NFA (Non-Deterministic Finite Automata) is a state machine used to validate an input string using state transitions. Regular expressions are a sequence of characters that are used to check if the given string follows the pattern or not. Both NFA and regular expressions can be used to define a regular language. In this article, we will see how to convert a given NFA to a regular expression.

Algorithm

Let there be an NFA with N states. Our task is to convert NFA to a regular expression. To do this, we will write equations for each state of the given NFA in the form:
q₁ = q₁a₁₁ + q₂a₂₁ + q₃a₃₁ + … qnan1
q₂ = q₁a₁₂ + q₂a₂₂ + q₃a₃₂ + … qnan₂
…
q_n = q₁a₁n + q₂a₂n + q₃a₃n + … qnann
In the above equations, qi is a state variable corresponding to the ith state, and aij is a set of input symbols.
After this, we try to represent qi in terms of aij using Arden’s Theorem and substituting the state variables. To convert the NFA to a regular expression, we then take the union of all the state variables corresponding to the final states.

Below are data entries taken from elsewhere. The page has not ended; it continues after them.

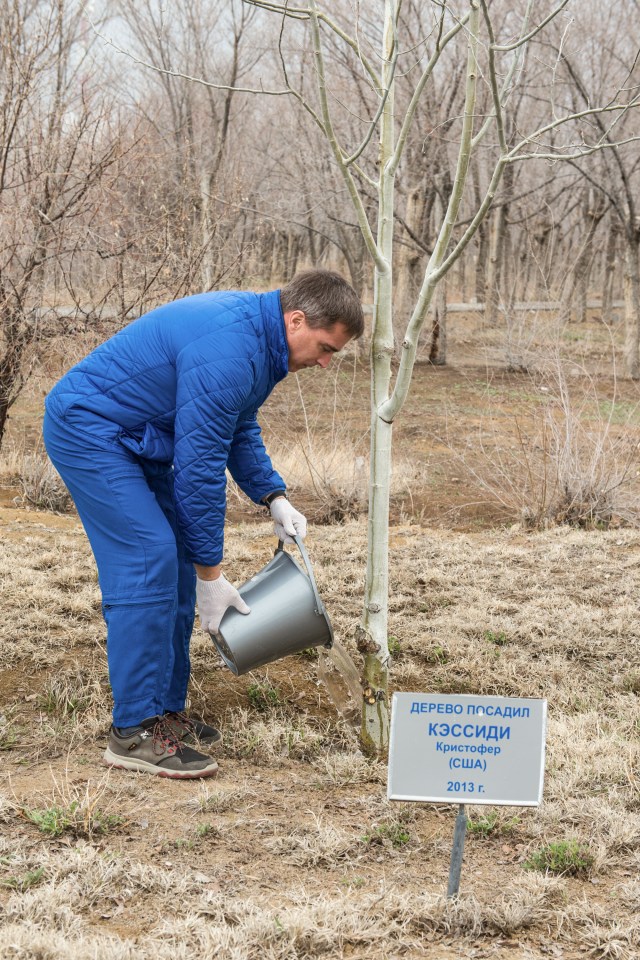 jsc2020e016974 (April 1, 2020) - At the Cosmonaut Hotel crew quarters in Baikonur, Kazakhstan, Expedition 63 crewmember Chris Cassidy of NASA waters a tree bearing his name April 1 in a traditional pre-launch activity. Cassidy and Anatoly Ivanishin and Ivan Vagner of Roscosmos will launch April 9 on the Soyuz MS-16 spacecraft from the Baikonur Cosmodrome in Kazakhstan for a six-and-a-half month mission on the International Space Station.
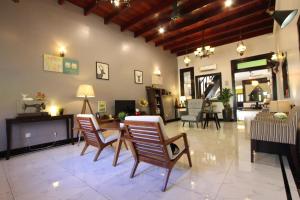 a lobby with chairs and a table in a room at The Egerton Melaka in Melaka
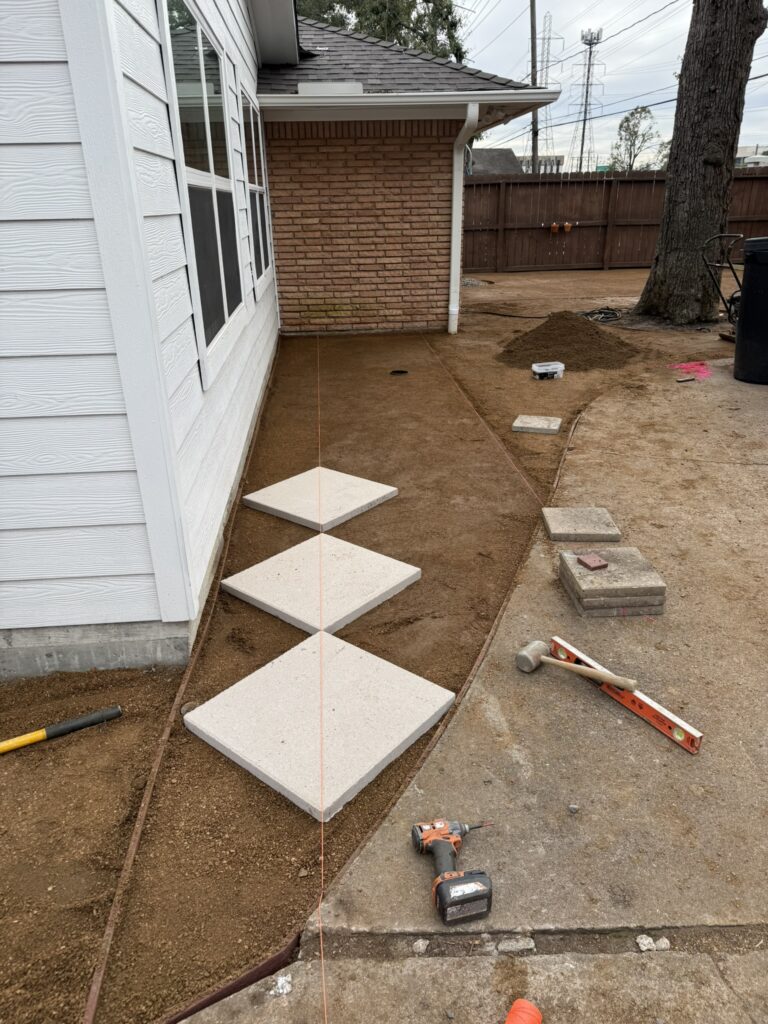 layout of patio stones during a backyard turf installation
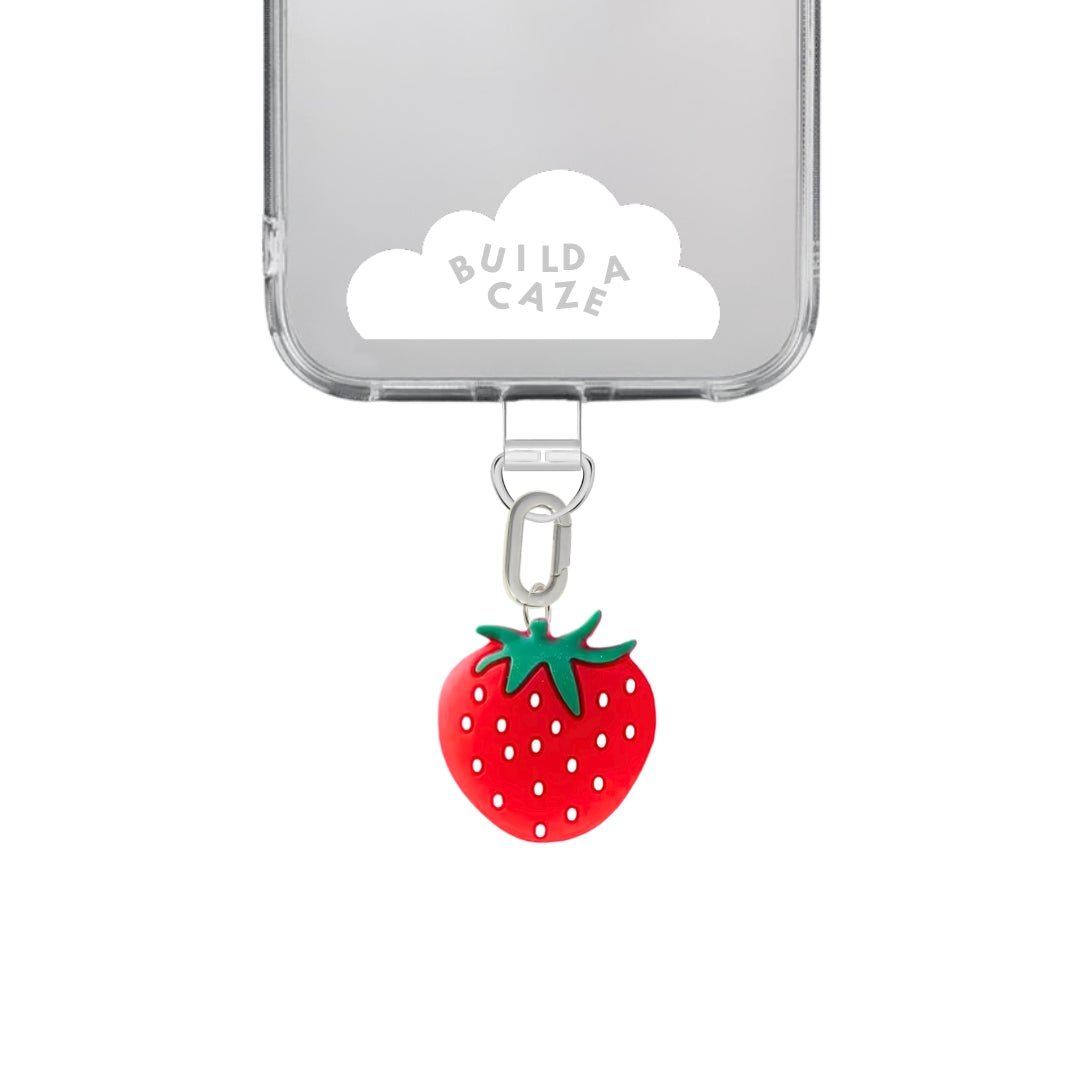 Cute red and green strawberry phone charm with a chunky fruit design, quirky Y2K aesthetic mobile accessory and decorative tech strap for phone cases by Build a Caze.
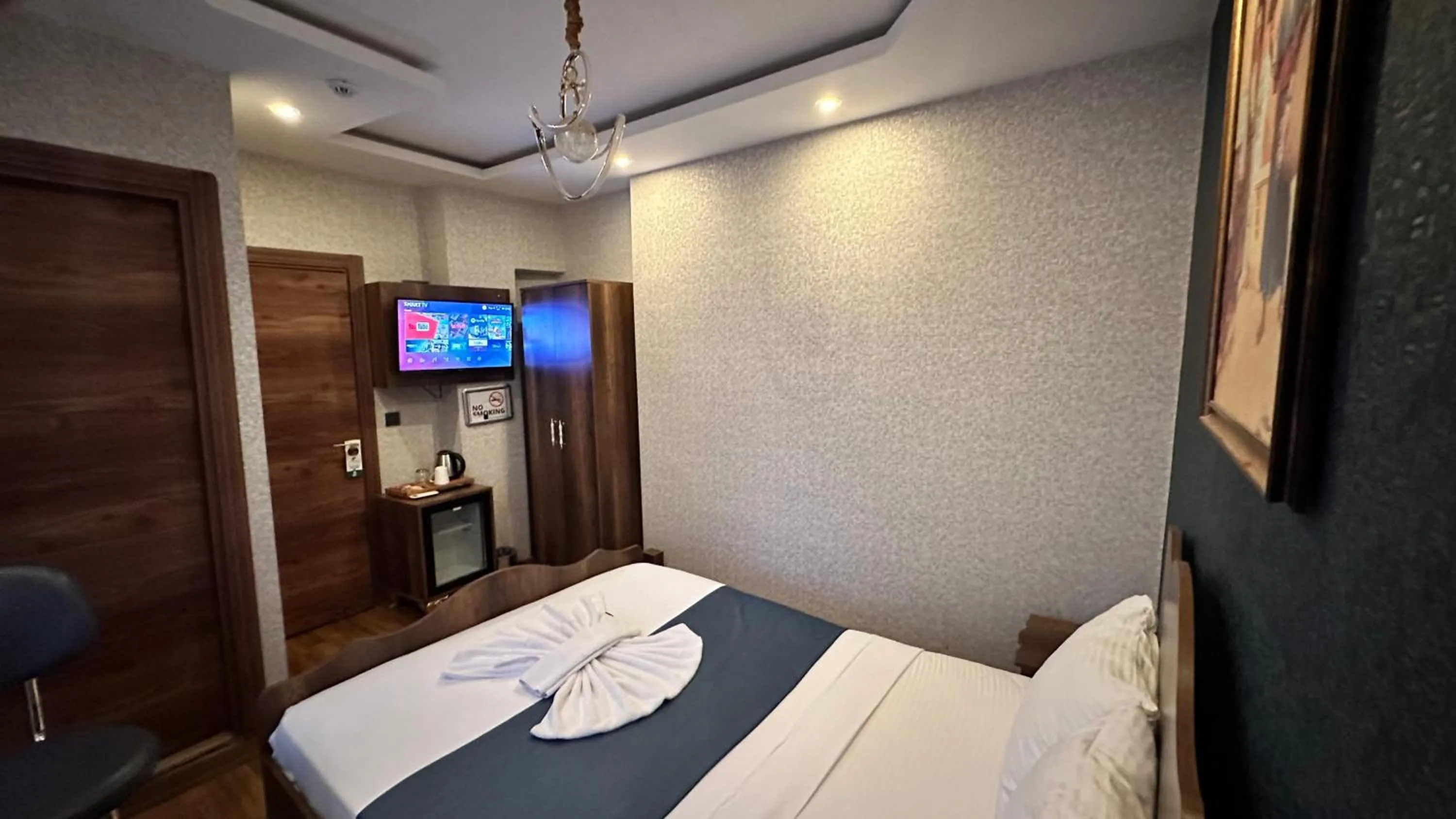 Bed in Aras Boutique Hotel & Suites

Example: Consider the following NFA

The above NFA has 3 states - q₁, q₂, q₃. To convert this NFA to a regular expression, we will first write the equations of all the states:
q1 = ϵ + q1a + q2b - (1)
q₂ = q₁a + q₂b + q₃b - (2)
q₃ = q₂a - (3)
Now we will simplify the above equations.
From (3):
q₃ = q₂a
= (q₁a + q₂b + q₃b)a
= q₁aa + q₂ba + q₃ba - (4)
From (2):
q₂ = q₁a + q₂b + q₃b
= q₁a + q₂b + (q₂a)b
= q₁a + q₂(b + ab)

According to Arden’s theorem, whenever we have an equation of the form R = Q + RP, it can be written as R = QP*.
q₂ = q₁a + q₂(b + ab) is of the form R = Q + RP, where R = q₂, Q = q₁a and P = (b + ab), therefore, we can write it as:
q₂ = q₁a(b + ab)* - (5)
From (1):
q₁ = ϵ + q1a + q₂b
Putting value of q₂ from equation (5):
q₁ = ϵ + q₁a + (q₁a(b + ab)*)b
q₁ = ϵ + q₁(a + (a(b + ab)*)b
Now, this equation is again of the form R = Q + RP, where R = q₁, Q = ϵ and P = (a + (a(b + ab)*)b.
Therefore, according to Arden’s theorem, we can write it as:
q₁ = ϵ(a + (a(b + ab)*)b)*
= (a + (a(b + ab)*)b)* [From identity eq.: ϵR = R] - (6)
The last step is to substitute these values in the final state. The final state for the given example is q₃.
q₃ = q₂a
Substituting q2 from the equation (5):
q₃ = q₁a(b + ab)*a
Substituting q1 from the equation (6):
q₃ = (a + (a(b + ab)*)b)* a(b + ab)*a
We can see that now the equation is represented as a combination of the input symbols a and b only. Thus we have converted the given NFA to a regular expression.